まことに,わたしはあなたがたに言う。あなたがたが心からこれを望んでいるのであれば,主からますます豊かに御霊を注いでいただけるように,主に仕えて主の戒めを守るという聖約を主と交わした証拠として,主の御名によってバプテスマを受けるのに何の差し支えがあろうか。』

人々はこの言葉を聞くと手をたたいて喜び,『それこそわたしたちが心から望んでいることです』と叫んだ。」11

わたしたちは,助けの必要な人を助け励ますこと,また,生きているかぎり救い主の証人となることについて聖約を交わしています。

わたしたちは,救い主への愛と救い主からの愛を感じるときにのみ,これらの約束を確実に行えます。わたしたちは交わした約束に忠実であるとき,主への愛を感じます。その愛は増すでしょう。なぜなら,奉仕するときに,主の力と,主が近づいてくださることを,感じることができるからです。

トーマス・S・モンソン大管長は,忠実な弟子に対する主の約束をよく思い出させてくれます。「そして,あなたがたを受け入れる者がだれであろうと,わたしもそこにいるであろう。わたしはあなたがたに先立って行こう。わたしはあなたがたの右におり,また左にいる。わたしの御霊はあなたがたの心の中にある。また,わたしの天使たちはあなたがたの周囲にいて,あなたがたを支えるであろう。」12

わたしたちはもう一つの機会に主が近づいてくださるのを感じてきました。主に献身的に仕えるとき,主がわたしたちの愛する家族に近づいてくださるのです。わたしは主の奉仕の業に召されて転居したり,家族と離れたりする度に,主が妻と子供たちを祝福してくださるのを目にしてきました。主は御自身の愛する僕たちを備え,わたしの家族を御自身に近づける機会を用意されました。

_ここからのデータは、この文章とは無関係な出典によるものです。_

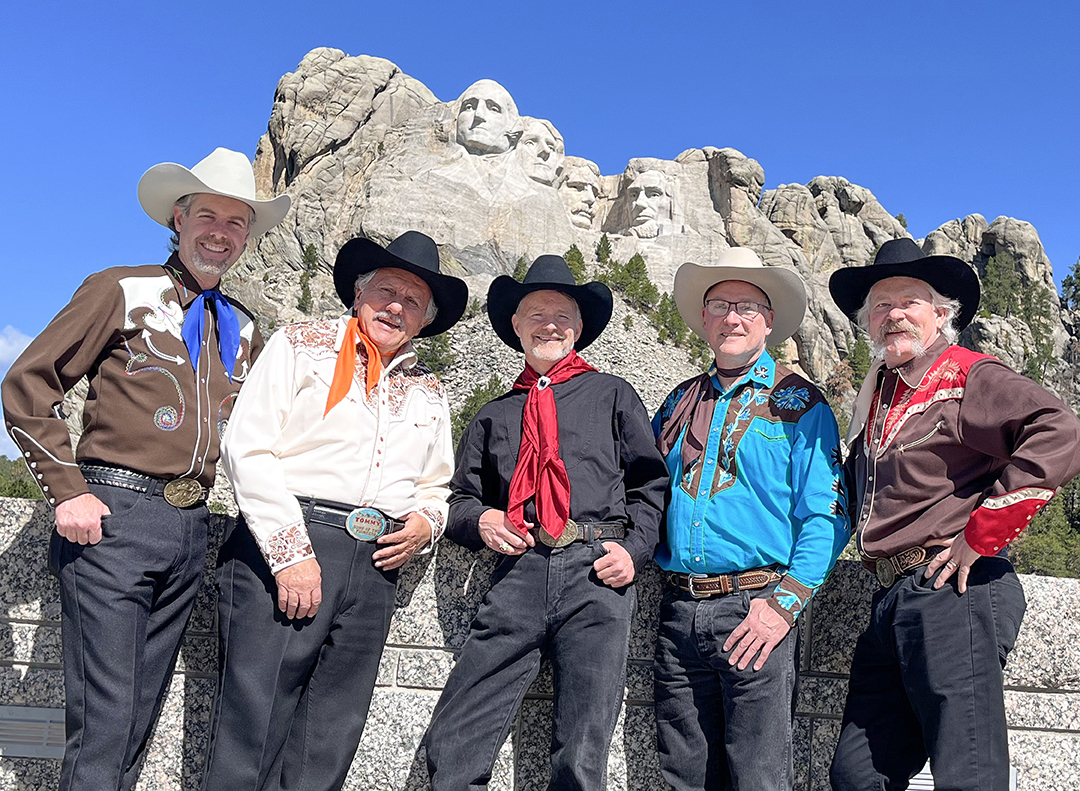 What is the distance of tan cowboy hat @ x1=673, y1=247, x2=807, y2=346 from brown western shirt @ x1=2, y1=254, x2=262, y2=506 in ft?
6.22

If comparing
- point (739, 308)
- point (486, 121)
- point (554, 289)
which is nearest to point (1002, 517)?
point (739, 308)

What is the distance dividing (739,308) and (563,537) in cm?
120

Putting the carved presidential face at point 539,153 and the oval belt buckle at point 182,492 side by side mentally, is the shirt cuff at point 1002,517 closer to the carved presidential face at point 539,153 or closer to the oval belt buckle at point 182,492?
the oval belt buckle at point 182,492

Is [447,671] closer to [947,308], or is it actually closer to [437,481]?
[437,481]

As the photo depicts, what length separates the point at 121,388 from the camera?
298 centimetres

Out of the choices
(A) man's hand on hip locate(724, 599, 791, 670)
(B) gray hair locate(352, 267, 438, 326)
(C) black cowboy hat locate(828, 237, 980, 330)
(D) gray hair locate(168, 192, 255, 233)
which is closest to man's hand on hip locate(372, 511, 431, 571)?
(B) gray hair locate(352, 267, 438, 326)

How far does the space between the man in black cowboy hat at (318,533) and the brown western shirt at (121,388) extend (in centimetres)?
24

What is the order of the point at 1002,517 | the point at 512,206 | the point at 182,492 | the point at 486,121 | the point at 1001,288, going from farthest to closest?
the point at 1001,288 → the point at 486,121 → the point at 512,206 → the point at 182,492 → the point at 1002,517

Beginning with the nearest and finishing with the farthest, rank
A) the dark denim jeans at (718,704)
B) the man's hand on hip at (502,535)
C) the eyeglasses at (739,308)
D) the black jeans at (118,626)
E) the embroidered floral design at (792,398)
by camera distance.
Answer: the black jeans at (118,626)
the dark denim jeans at (718,704)
the man's hand on hip at (502,535)
the embroidered floral design at (792,398)
the eyeglasses at (739,308)

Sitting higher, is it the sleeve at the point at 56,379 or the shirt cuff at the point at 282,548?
the sleeve at the point at 56,379

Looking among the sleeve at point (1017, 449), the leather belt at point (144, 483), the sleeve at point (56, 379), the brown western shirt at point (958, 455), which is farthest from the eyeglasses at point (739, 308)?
the sleeve at point (56, 379)

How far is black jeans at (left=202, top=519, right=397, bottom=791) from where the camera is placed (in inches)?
110

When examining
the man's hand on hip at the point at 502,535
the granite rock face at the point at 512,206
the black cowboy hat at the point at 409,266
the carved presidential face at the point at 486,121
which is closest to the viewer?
the man's hand on hip at the point at 502,535

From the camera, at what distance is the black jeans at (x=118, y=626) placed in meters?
2.74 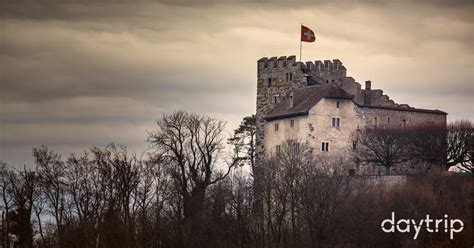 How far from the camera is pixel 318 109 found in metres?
85.9

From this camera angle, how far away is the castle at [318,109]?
86188 millimetres

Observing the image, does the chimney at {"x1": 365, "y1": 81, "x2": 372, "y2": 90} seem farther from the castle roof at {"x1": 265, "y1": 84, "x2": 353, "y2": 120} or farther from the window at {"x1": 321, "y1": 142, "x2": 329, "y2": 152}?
the window at {"x1": 321, "y1": 142, "x2": 329, "y2": 152}

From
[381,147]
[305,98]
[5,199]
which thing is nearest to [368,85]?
[305,98]

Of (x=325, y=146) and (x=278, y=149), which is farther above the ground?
(x=325, y=146)

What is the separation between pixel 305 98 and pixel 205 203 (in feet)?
42.4

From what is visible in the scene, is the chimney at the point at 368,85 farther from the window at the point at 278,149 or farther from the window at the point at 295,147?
the window at the point at 295,147

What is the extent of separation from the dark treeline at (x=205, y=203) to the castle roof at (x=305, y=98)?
2.76 meters

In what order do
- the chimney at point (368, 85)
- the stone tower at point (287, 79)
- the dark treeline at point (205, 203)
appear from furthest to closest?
the chimney at point (368, 85) → the stone tower at point (287, 79) → the dark treeline at point (205, 203)

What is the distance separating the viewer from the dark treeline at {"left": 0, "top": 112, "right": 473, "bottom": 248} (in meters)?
72.7

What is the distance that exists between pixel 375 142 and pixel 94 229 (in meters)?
22.5

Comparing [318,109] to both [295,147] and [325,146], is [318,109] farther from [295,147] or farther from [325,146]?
[295,147]

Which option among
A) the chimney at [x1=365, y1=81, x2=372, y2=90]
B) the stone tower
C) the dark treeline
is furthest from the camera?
the chimney at [x1=365, y1=81, x2=372, y2=90]

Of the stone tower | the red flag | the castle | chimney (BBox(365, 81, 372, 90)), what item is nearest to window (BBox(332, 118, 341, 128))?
the castle

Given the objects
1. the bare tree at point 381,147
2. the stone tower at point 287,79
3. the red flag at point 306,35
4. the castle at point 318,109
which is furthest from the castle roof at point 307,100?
the red flag at point 306,35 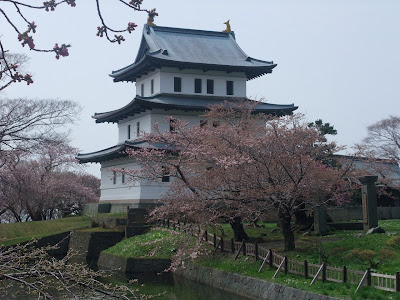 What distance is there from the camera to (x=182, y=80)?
4584cm

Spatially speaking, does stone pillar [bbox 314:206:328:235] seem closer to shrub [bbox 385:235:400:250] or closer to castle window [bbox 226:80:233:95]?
shrub [bbox 385:235:400:250]

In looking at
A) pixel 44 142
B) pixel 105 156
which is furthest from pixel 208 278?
pixel 105 156

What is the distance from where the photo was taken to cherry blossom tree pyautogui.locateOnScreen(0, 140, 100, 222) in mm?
46469

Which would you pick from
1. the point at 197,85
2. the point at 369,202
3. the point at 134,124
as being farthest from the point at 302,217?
the point at 134,124

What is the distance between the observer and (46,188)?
160ft

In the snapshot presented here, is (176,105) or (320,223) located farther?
(176,105)

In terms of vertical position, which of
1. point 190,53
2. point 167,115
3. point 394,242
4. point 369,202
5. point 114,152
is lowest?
point 394,242

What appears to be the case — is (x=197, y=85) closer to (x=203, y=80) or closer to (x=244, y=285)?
(x=203, y=80)

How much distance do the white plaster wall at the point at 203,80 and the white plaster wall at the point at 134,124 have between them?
2.61 metres

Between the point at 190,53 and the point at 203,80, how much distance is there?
9.03 feet

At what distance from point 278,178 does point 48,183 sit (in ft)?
95.9

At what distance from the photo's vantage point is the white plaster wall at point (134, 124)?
43638 millimetres

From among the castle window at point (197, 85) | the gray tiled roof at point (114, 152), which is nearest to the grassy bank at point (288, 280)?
the gray tiled roof at point (114, 152)

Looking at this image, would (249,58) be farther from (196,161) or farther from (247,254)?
(247,254) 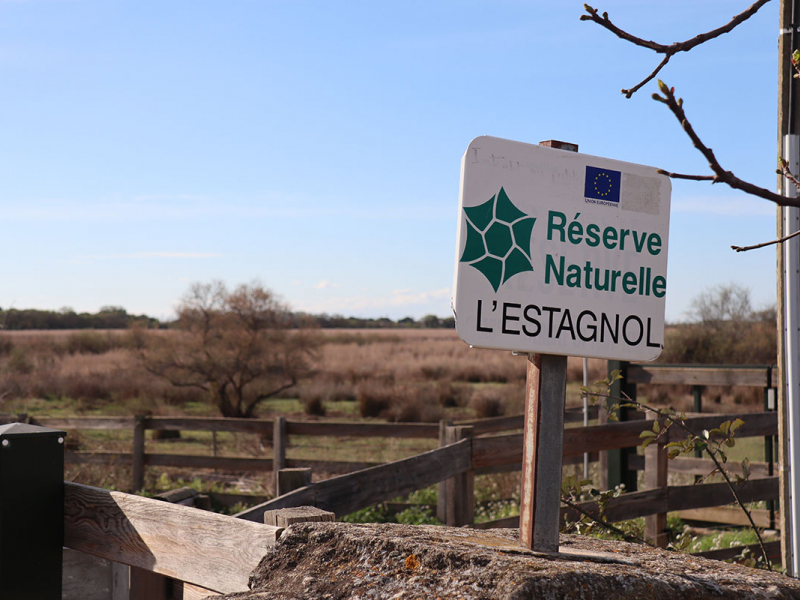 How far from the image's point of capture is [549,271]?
2.10 meters

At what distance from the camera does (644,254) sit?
224cm

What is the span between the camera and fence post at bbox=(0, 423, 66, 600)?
2398 mm

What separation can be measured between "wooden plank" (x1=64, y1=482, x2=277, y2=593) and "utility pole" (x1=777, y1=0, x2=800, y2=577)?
2.97 m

皆さんは生活の中でその祝福を感じてきました。皆さんの中には,愛する人が永遠の命に至る道から迷い出ている人が多くいます。彼らを連れ戻すためにもっと何ができるだろうかと皆さんは考えます。信仰をもって主に仕えるなら,皆さんは,彼らに近づいてくださるようにと主に頼ることができるのです。

ジョセフ・スミスとシドニー・リグドンが主の用向きを受けて家族から離れていたときに主が彼らに約束されたことを,皆さんは覚えています。「友である……シドニーとジョセフ……。あなたがたの家族は健在である。彼らはわたしの手の内にあり,わたしは自分のよいと思うままに彼らに行う。わたしには一切の権威があるからである。」13

アルマやモーサヤ王のように,忠実な親として,長い間よく奉仕をし,主のために犠牲を払ってきたにもかかわらず,子供が道を迷い出ている人もいます。彼らはできることをすべて行い,愛情深い誠実な友人たちの助けも借りたものの明らかな変化は見られませんでした。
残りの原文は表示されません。